JAKARTA, Pembangunan Pembangkit Listrik Tenaga Sampah (PLTSa) dinilai berpotensi menjadi beban keuangan baru bagi PT Perusahaan Listrik Negara (PLN). Hal ini disampaikan Direktur Ekonomi Center of Economic and Law Studies (Celios), Bhima Yudhistira, yang menilai proyek tersebut memiliki rantai pasok rumit dan biaya investasi tinggi.
“Pembelian listrik dari PLTSa swasta menjadi lebih mahal bagi PLN,” ujar Bhima kepada Kontan, Selasa (4/11/2025).
Menurut Bhima, biaya investasi dan pengelolaan sampah yang tidak efisien membuat PLTSa sulit menjadi solusi energi berkelanjutan. Dari sisi hulu, tidak semua jenis sampah dapat diolah menjadi energi. Sementara itu, di sisi hilir, pemilahan sampah justru menambah beban biaya operasional.
Bhima menilai, jika tujuan pemerintah adalah meningkatkan porsi energi terbarukan, maka seharusnya PLN memprioritaskan energi bersih lain seperti panel surya dan pembangkit tenaga air (hidro) yang lebih efisien dan ramah lingkungan.
“Panel surya yang dilengkapi battery energy storage bisa menjadi base load. Sementara PLTSa masih menggunakan pembakaran, sehingga tidak sepenuhnya bisa dikategorikan sebagai energi terbarukan,” jelas Bhima.
Menurutnya, teknologi PLTSa di Indonesia saat ini masih bergantung pada proses pembakaran (incineration), yang justru menghasilkan emisi karbon cukup besar.
“Sejumlah studi menunjukkan pembakaran tersebut dapat melepaskan emisi karbon rata-rata 0,54 kilogram CO₂ per kWh,” ungkapnya.
Selain masalah emisi, Bhima juga menyoroti skema pembelian listrik (feed-in tariff) dari PLTSa oleh PLN yang dinilai memberatkan secara finansial. Tarif listrik PLTSa yang lebih mahal dari sumber energi lain membuat subsidi listrik berpotensi terus meningkat.
“Skema feed-in tariff akhirnya menjadi beban bagi PLN karena subsidi listriknya terus ditambah,” kata Bhima.
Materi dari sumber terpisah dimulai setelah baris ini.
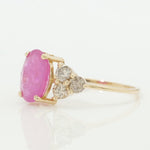 Load image into Gallery viewer, Oval Ruby Diamond Ring, 14k Solid Gold, Natural Diamonds, Gemstone Bridal Ring, Three Stone Cluster Jewelry, Ready To Ship, HRD Certified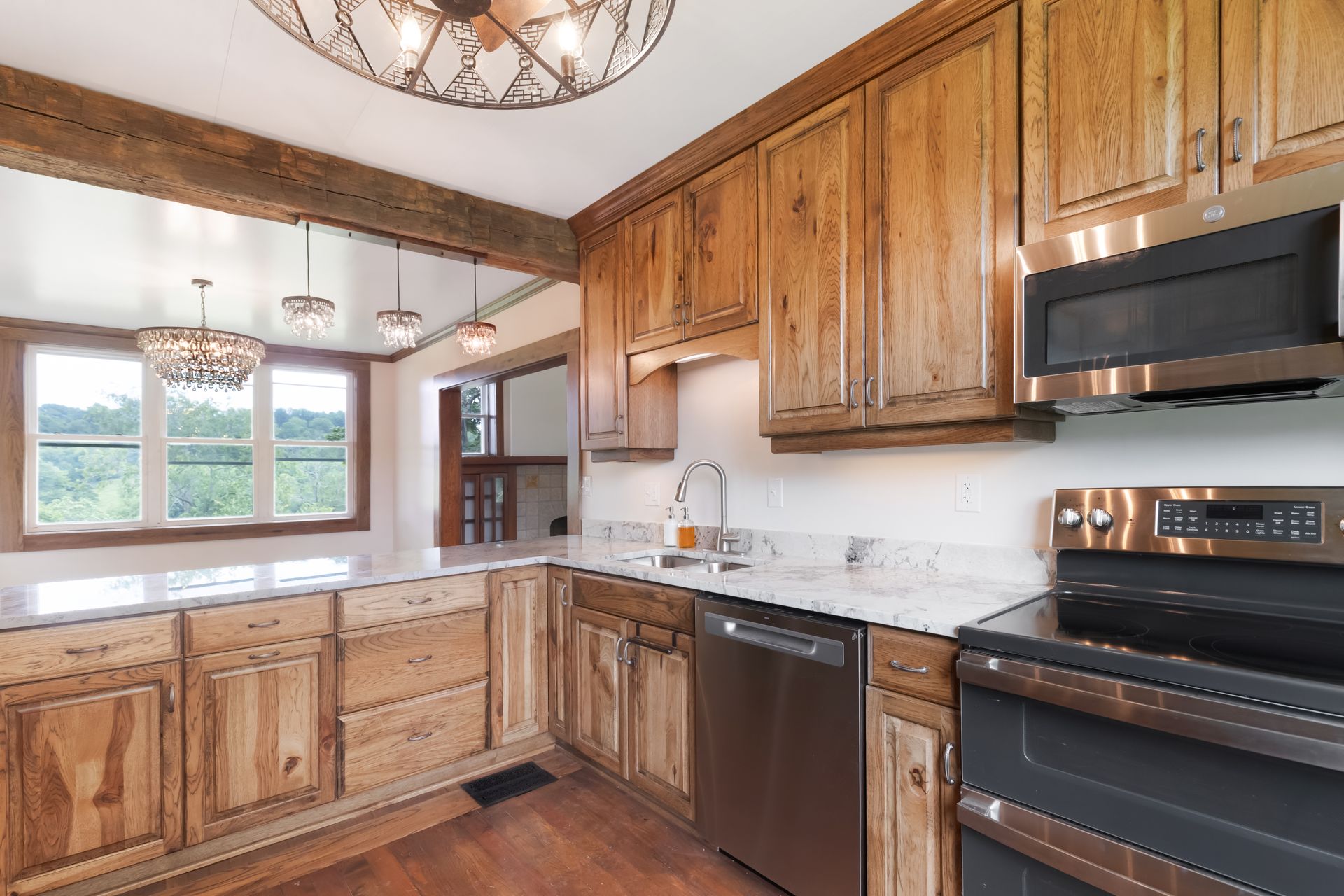 Custom Built Stained Hickory Cabinets, Mona Lisa Granite by Counter Culture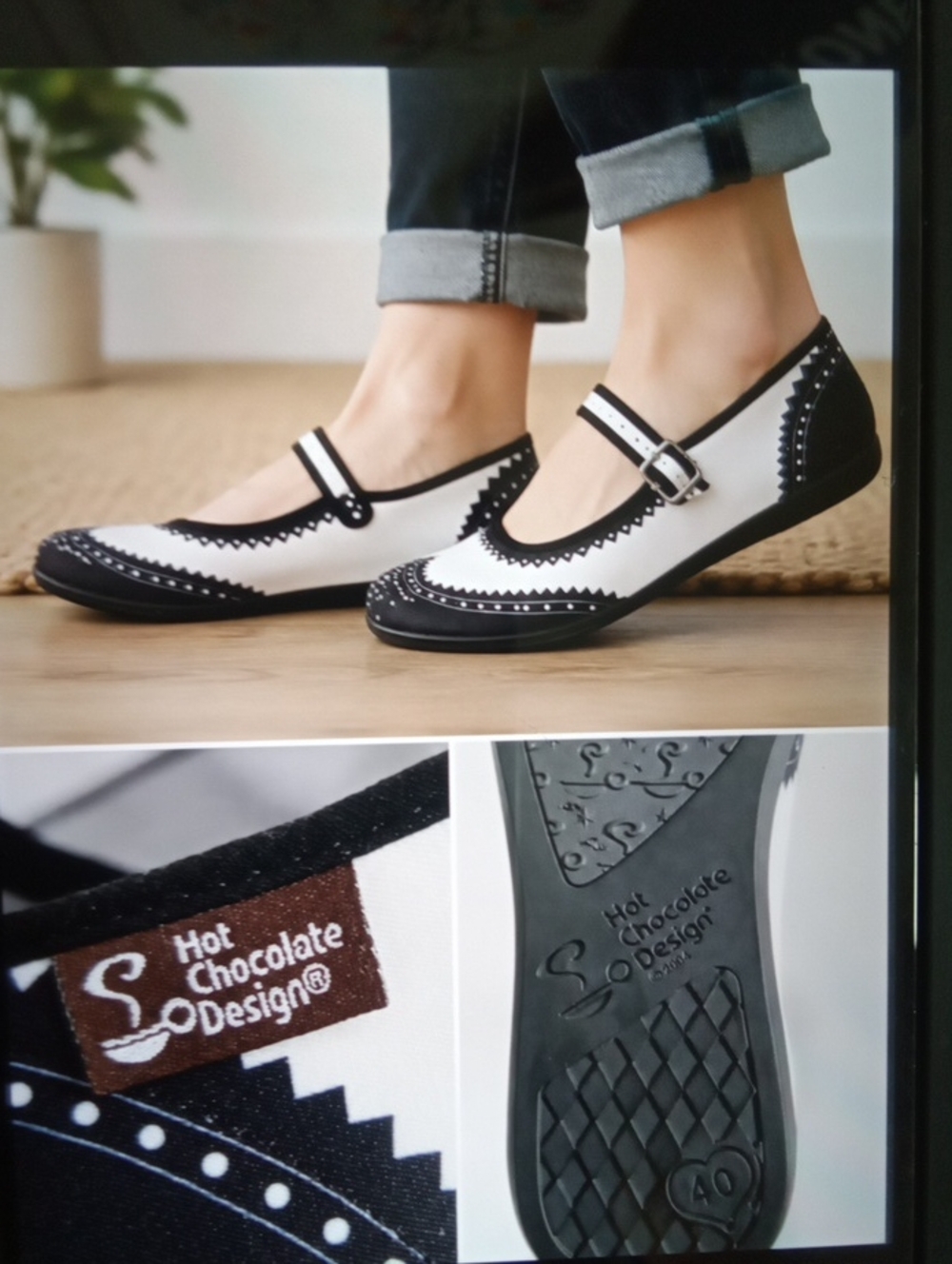Hot Chocolate Design Womens Mary Jane Flats Colorblock Havana Size 10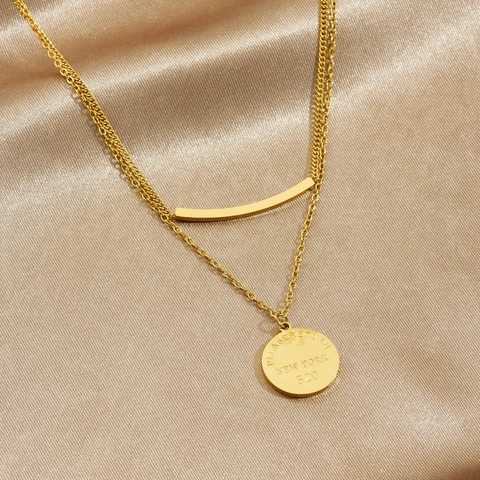 Double Layer Necklace Gold Plated Stainless Steel Engraved Disc And Curved Bar Pendant Minimalist Jewelry For Women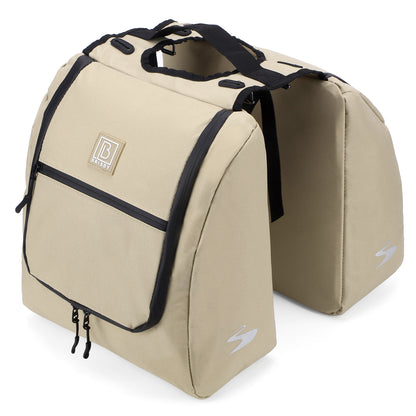 Brisby Dubbele Fietstas 28 Liter – Koeltas en Lunchtas – 4-laags Geïsoleerd – Voor Gewone en Elektrische Fiets – Waterafstotend met Waterdichte Ritsen – Natural Champagne
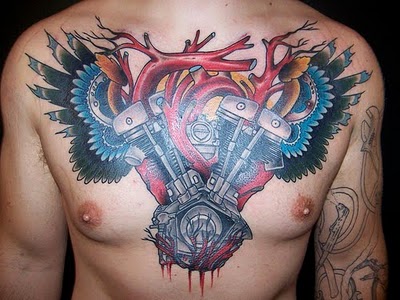 Bikers are known for having extensive tattoos, including sleeves and large back pieces.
Sementara itu, pemerintah melalui Badan Pengelola Investasi Daya Anagata Nusantara (BPI Danantara) akan menggelar tender proyek PLTSa di tujuh kota pada 6 November 2025. Proyek ini disebut sebagai bagian dari upaya percepatan pengelolaan sampah nasional sekaligus mendukung target kota bersih bebas sampah.
Sebelumnya, Menteri Koordinator Bidang Perekonomian Airlangga Hartarto juga menyebut bahwa pemerintah menargetkan 33 proyek PLTSa akan dibiayai melalui Patriot Bond, sebuah instrumen pembiayaan hijau untuk infrastruktur lingkungan.
Namun, Celios menilai langkah tersebut perlu dikaji ulang agar tidak membebani keuangan PLN dan tetap sejalan dengan komitmen transisi energi hijau.
Bhima menegaskan, upaya mengurangi ketergantungan pada energi fosil harus dilakukan secara berkelanjutan dan berbasis pada efisiensi.
“Kalau memang ingin memperluas bauran energi hijau, maka fokus sebaiknya ke sumber energi yang benar-benar terbarukan, bukan sekadar pengelolaan sampah,” tutup Bhima.